I do not recommend ever going wider than three disks on a Z1 vdev–that’s simply not sufficient redundancy for the number of points of failure present.

1 Like


@mercenary_sysadmin Thanks for that. You summarized in a few paragraphs something that I still didn’t completely understand the first go around after watching about half a dozen YouTube videos. :slight_smile:

I went with the all-mirrors set up, despite the 50 percent storage efficiency. That’s still more than enough space for my needs.

One thing I didn’t consider when I first started is, given the size of modern HDDs and their relatively slow speed, how long it takes to resilver a vdev when a disk needs to be replaced (that is, to sync everything up to the new disk so the vdev is back up to the full level of redundancy that has been chosen).

For example, on a traditional ext4 file system, I once had to replace a drive in a single mirror of 2x14 TB disks.
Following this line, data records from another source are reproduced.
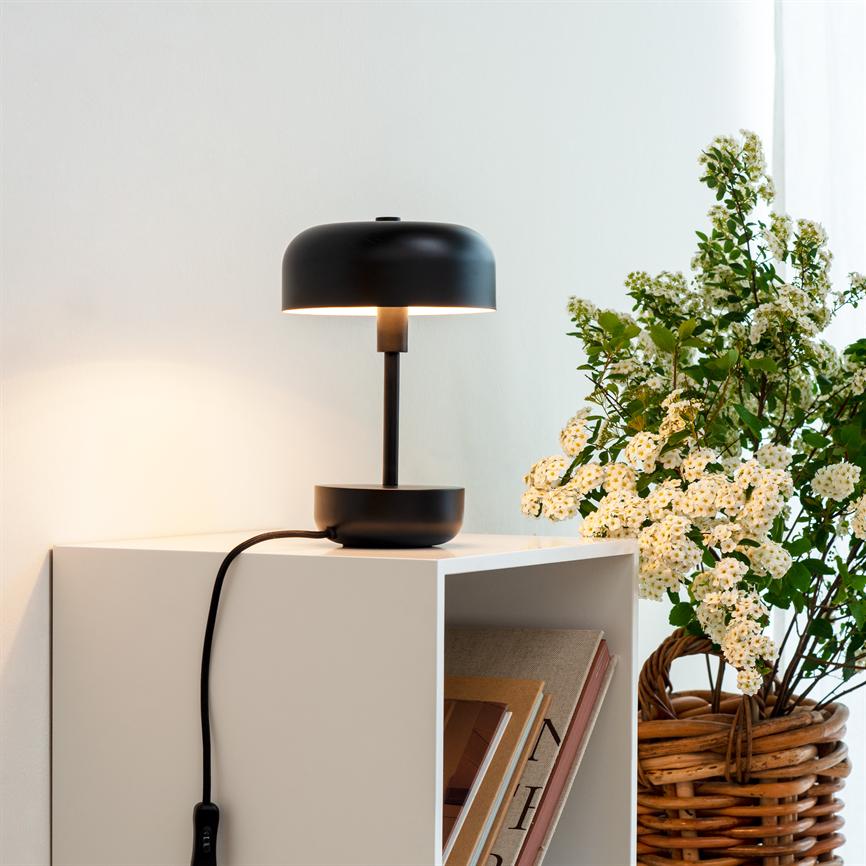 Dyberg Larsen Haipot bordlampe svart G9 retro
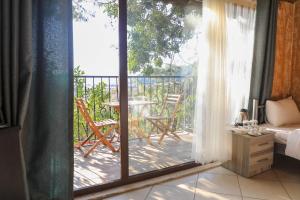Uma varanda ou terraço em Symbola Oludeniz Beach Hotel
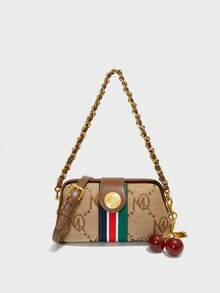 新款时尚女士方形手提包，饰以印花图案和条纹面料，配有链条手柄、可调节长肩带和磁扣设计。点缀樱桃吊坠，适合日常购物、通勤和度假。 - 卡其色 - 查看 2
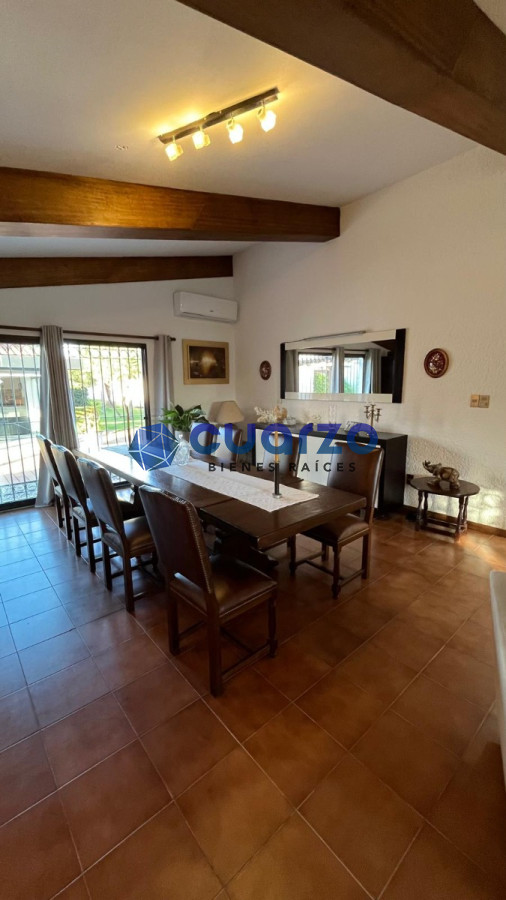 Casa ID.13 - Venta. Fabulosa Casa En Lomas De Solymar. 4 Dormitorios. 4 Baños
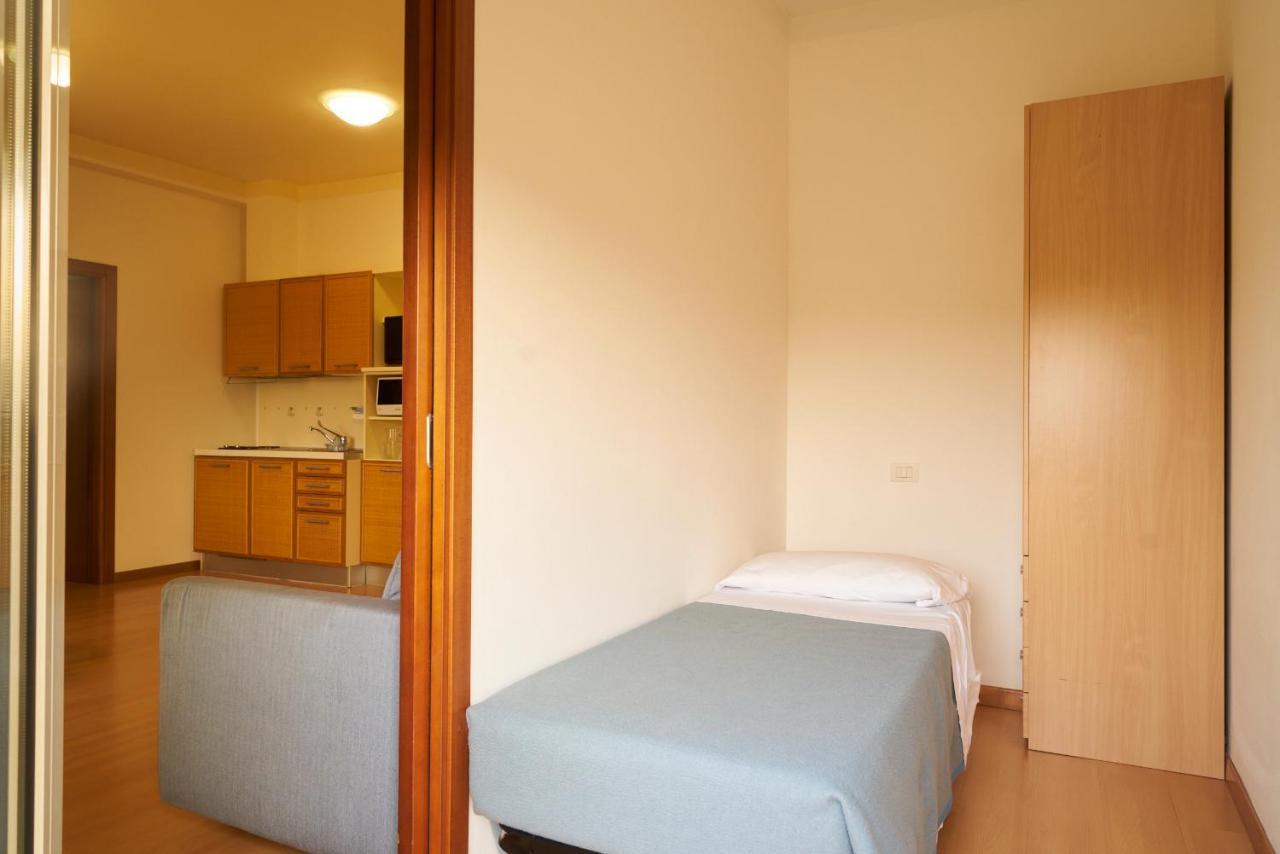 Aparthotel La Pineta Лидо-ди-Езоло Экстерьер фото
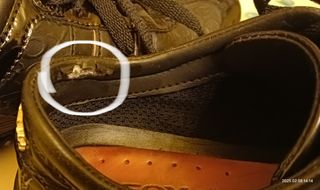 Scarpa bassa nera stringata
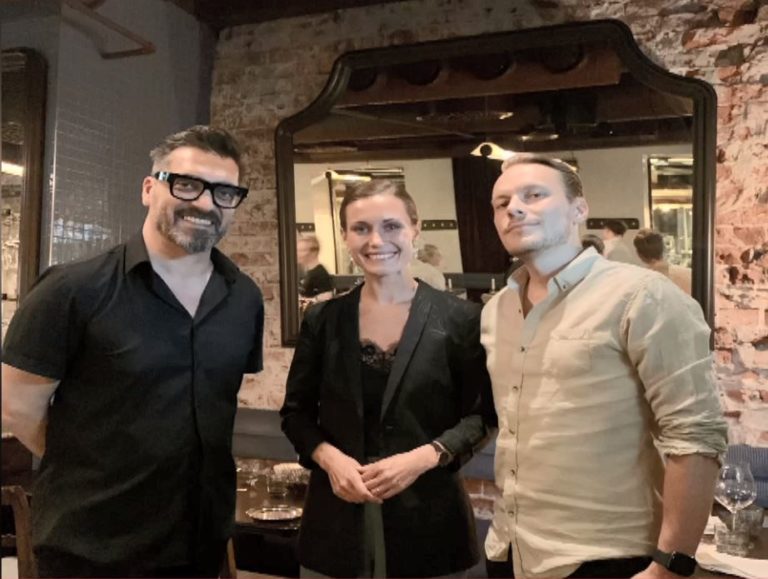 «Κερασμένα» από Έλληνα σομελιέ τα ποτά στη Σάνα Μαρίν – Τι λέει ο Χρήστος Τσαλακόπουλος στην ΕΡΤ (video)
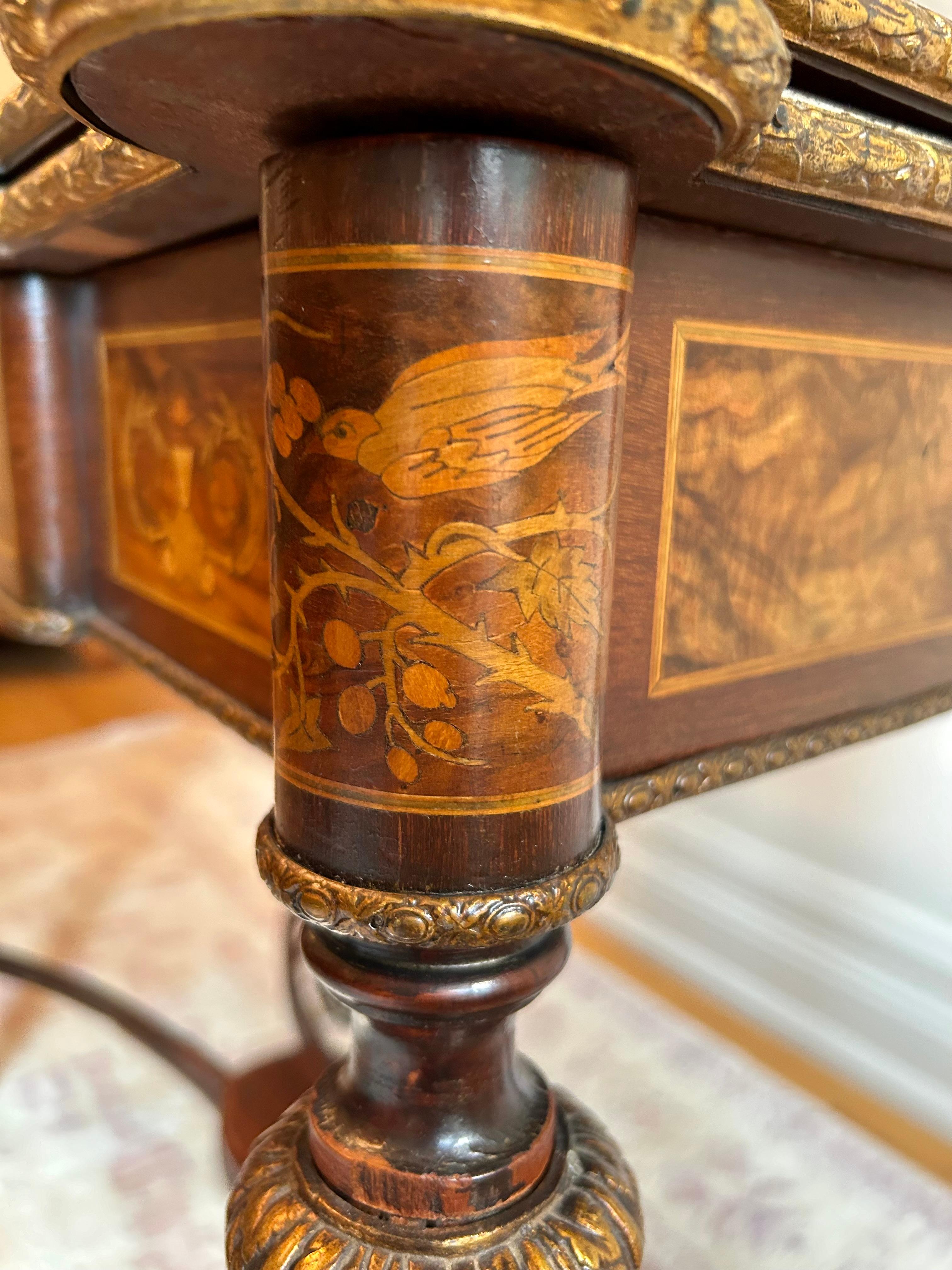 Inglese Un tavolo in mogano e intarsio in stile Napoleone III con montatura in bronzo dorato in vendita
It took 24 hours to resilver, and during that time the entire mirror was vulnerable to failure: I’d have lost everything if I lost the second disk before it was done resilvering.

In a weird way, I’m kind of glad that disk failed when it did. It’d have been a lot less pleasant to learn that lesson with an oversized Z1 or something.

Mirrors resilver faster than any other type of ZFS vdev because they just need to copy all the data from one single disk to the new disk, which decreases the time the data in the mirror is vulnerable. Resilvering itself is an intense operation, so it arguably can put some disks at higher risk of failing – which you don’t want to have happen during resilvering. So, quicker is better.

(RAIDZ1/2/3 has to do a lot more parity calculations, so it can take much longer and is usually more compute intensive and harder on the disks).

An advantage of ZFS is that because it manages both the filesystem and the redundancy, it knows exactly which blocks need to be copied. Time saved depends on how full the pool is. Additionally, part of what its scrubs accomplish is to increase your confidence that something unreadable on a disk is not secretly waiting to impede your ability to restore a pool’s redundancy. Not that you needed persuading! But hopefully your resilvering experience is better with ZFS.

Anyway, when pondering pool geometry, if I can’t have a mirror pool, I tend to re-read ZFS RAIDZ stripe width, or: How I Learned to Stop Worrying and Love RAIDZ, remembering that it’s from 2014, though, and like Jim, I would not use raidz1 with more than three disks of today’s sizes, let alone five (maybe not even yesterday’s, remembering that Xserve RAID, shudder), even with 512-byte sectors, tiny recordsizes, and no compression.

While I’m remembering things, I’ll also say I personally avoid making widths a multiple of the raidz level plus one, having once spent too much time trying to figure out why I seemed to have a hot spot on every fourth disk (so not, for example, a 6-wide Z2), but if that were actually worth worrying about, I imagine I would have seen someone else mention it, and I never have.

1 Like